What the exercise asks: Among the lines below, keep only those from the one containing "Electric Barber Full" through the one containing "BEARFOOT Bento Box", and reproduce them exactly.

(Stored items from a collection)
Start of Block

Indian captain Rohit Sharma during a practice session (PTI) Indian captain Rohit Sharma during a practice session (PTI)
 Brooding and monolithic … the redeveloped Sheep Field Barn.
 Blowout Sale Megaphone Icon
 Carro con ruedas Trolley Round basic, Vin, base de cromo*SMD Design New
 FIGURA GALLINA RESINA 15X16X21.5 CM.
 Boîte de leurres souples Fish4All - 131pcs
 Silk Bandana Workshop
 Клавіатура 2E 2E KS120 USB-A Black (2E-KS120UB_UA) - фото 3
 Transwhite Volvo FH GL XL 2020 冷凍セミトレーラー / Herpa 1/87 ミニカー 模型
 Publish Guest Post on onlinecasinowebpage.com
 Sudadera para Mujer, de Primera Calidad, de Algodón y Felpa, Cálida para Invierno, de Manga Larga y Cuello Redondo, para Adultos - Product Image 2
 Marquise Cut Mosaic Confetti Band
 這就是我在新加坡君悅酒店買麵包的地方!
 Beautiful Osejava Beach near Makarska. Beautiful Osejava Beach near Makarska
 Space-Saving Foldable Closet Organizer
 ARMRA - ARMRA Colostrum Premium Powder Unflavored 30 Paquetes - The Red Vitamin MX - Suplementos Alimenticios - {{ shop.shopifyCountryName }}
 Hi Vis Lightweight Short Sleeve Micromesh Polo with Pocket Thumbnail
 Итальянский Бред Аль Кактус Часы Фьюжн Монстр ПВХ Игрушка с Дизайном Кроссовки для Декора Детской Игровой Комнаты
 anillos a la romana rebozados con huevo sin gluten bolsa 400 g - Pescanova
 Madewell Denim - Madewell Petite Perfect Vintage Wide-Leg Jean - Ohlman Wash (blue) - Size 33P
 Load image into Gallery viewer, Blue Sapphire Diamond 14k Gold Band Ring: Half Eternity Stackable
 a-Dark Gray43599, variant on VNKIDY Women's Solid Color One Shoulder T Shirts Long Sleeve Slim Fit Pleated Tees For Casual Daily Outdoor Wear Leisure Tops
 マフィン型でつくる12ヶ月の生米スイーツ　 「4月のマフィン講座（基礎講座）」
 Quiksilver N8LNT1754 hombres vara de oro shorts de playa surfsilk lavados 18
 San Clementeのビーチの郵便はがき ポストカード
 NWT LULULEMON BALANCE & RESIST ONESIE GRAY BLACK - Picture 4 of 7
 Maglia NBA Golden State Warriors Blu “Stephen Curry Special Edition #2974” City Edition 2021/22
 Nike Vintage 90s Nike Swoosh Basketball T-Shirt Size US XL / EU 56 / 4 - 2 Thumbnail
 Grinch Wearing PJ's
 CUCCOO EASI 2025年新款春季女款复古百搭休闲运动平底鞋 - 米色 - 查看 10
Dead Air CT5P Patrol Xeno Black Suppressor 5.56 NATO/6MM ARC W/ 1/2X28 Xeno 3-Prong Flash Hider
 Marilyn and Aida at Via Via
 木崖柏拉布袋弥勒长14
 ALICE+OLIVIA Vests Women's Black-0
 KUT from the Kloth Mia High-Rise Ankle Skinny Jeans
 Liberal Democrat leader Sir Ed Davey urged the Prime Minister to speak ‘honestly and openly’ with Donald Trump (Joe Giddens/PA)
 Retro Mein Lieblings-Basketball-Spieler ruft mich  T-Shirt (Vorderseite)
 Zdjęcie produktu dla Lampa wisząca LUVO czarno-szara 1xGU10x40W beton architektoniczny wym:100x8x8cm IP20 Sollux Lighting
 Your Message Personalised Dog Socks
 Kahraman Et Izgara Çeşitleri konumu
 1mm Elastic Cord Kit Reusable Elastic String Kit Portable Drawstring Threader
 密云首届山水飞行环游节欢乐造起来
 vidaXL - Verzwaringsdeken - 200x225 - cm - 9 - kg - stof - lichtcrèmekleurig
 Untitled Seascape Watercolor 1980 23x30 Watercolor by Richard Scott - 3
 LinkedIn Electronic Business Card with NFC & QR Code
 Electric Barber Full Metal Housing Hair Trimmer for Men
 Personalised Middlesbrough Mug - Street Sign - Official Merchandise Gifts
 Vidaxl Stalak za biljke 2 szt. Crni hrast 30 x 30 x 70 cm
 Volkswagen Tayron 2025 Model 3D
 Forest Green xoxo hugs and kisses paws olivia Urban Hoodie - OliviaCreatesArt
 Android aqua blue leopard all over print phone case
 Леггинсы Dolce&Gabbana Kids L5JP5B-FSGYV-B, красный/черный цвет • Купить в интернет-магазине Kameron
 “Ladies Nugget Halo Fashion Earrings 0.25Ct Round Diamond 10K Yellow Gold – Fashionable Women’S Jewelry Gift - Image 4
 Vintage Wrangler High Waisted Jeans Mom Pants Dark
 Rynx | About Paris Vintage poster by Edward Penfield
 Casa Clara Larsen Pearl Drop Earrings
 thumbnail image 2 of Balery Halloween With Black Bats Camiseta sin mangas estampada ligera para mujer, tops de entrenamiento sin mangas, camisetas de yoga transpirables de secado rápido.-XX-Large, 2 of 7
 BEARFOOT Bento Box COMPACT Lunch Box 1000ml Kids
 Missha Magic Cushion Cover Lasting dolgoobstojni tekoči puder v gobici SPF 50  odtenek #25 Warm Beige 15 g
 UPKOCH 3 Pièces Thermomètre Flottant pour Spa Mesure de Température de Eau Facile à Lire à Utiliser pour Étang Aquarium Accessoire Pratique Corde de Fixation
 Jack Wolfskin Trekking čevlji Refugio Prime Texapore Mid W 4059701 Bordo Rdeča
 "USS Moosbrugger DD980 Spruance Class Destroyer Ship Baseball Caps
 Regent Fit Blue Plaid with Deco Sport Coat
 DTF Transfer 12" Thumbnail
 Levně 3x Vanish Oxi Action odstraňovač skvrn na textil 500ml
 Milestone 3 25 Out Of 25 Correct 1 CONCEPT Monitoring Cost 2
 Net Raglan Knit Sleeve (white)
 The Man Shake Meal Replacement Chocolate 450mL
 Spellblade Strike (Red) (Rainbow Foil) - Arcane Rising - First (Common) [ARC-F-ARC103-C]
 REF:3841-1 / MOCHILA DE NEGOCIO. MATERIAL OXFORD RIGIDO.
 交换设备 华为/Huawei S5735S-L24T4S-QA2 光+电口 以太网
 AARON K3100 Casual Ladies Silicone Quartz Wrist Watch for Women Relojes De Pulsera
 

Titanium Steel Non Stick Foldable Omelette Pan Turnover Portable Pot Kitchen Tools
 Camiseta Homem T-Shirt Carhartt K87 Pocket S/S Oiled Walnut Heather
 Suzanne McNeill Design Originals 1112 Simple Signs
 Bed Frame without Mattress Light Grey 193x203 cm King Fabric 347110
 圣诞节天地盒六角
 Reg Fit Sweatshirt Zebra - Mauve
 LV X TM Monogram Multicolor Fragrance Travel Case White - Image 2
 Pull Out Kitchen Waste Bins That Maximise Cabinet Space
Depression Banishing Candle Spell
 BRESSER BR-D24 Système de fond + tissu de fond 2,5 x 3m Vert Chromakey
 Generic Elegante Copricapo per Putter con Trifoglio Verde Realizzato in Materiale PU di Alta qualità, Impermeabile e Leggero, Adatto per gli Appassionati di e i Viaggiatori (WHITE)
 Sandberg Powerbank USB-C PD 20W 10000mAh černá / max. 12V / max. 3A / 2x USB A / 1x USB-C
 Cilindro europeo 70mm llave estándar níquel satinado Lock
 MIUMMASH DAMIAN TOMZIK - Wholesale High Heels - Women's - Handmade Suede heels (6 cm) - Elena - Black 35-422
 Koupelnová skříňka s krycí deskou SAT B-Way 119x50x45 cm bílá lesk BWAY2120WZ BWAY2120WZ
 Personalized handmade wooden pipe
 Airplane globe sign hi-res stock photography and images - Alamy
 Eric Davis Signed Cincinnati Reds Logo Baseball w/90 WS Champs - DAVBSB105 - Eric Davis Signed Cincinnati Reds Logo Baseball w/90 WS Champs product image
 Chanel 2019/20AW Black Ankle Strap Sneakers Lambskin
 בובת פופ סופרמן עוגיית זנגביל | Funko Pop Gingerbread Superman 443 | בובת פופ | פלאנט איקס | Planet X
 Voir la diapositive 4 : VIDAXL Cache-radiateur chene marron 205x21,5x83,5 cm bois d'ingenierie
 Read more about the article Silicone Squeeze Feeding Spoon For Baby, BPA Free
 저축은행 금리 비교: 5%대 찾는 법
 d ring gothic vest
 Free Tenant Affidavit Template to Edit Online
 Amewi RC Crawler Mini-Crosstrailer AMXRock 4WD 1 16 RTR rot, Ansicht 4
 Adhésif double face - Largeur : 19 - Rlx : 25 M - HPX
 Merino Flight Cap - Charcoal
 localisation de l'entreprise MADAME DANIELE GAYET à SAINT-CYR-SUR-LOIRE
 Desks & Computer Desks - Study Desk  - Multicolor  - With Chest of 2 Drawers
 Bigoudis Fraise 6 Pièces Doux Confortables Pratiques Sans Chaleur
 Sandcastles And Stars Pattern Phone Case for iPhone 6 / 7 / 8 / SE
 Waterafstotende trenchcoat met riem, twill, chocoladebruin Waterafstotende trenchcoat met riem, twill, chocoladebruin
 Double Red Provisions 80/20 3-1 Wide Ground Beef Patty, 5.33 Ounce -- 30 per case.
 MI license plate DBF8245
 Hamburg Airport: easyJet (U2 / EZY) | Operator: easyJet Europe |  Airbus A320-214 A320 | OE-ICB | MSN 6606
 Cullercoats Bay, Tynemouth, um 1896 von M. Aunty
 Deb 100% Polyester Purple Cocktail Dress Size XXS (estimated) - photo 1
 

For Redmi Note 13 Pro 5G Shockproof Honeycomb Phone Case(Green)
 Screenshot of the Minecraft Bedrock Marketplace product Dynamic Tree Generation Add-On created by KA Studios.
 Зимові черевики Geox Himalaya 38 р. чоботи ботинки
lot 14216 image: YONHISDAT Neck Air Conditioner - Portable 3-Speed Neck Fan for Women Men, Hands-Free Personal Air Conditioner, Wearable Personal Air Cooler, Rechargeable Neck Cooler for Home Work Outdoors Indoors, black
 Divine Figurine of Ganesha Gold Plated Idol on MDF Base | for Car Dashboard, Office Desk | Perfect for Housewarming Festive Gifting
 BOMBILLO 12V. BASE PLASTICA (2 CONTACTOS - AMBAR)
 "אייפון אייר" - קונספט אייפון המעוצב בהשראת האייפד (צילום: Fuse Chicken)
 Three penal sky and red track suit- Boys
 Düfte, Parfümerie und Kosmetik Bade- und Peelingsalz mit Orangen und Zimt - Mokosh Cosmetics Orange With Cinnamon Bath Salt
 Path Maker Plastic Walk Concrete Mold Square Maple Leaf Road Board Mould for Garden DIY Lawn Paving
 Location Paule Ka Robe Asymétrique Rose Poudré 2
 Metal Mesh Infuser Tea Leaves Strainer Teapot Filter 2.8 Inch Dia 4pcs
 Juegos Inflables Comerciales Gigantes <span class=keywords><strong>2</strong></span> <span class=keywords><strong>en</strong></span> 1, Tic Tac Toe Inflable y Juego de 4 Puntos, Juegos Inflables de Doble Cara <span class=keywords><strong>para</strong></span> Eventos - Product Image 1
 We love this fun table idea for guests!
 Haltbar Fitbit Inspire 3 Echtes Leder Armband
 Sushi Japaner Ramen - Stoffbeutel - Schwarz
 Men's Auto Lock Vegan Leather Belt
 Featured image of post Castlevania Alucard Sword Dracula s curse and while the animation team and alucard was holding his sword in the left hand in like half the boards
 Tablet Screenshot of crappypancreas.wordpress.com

End of Block

Completed task:
 Electric Barber Full Metal Housing Hair Trimmer for Men
 Personalised Middlesbrough Mug - Street Sign - Official Merchandise Gifts
 Vidaxl Stalak za biljke 2 szt. Crni hrast 30 x 30 x 70 cm
 Volkswagen Tayron 2025 Model 3D
 Forest Green xoxo hugs and kisses paws olivia Urban Hoodie - OliviaCreatesArt
 Android aqua blue leopard all over print phone case
 Леггинсы Dolce&Gabbana Kids L5JP5B-FSGYV-B, красный/черный цвет • Купить в интернет-магазине Kameron
 “Ladies Nugget Halo Fashion Earrings 0.25Ct Round Diamond 10K Yellow Gold – Fashionable Women’S Jewelry Gift - Image 4
 Vintage Wrangler High Waisted Jeans Mom Pants Dark
 Rynx | About Paris Vintage poster by Edward Penfield
 Casa Clara Larsen Pearl Drop Earrings
 thumbnail image 2 of Balery Halloween With Black Bats Camiseta sin mangas estampada ligera para mujer, tops de entrenamiento sin mangas, camisetas de yoga transpirables de secado rápido.-XX-Large, 2 of 7
 BEARFOOT Bento Box COMPACT Lunch Box 1000ml Kids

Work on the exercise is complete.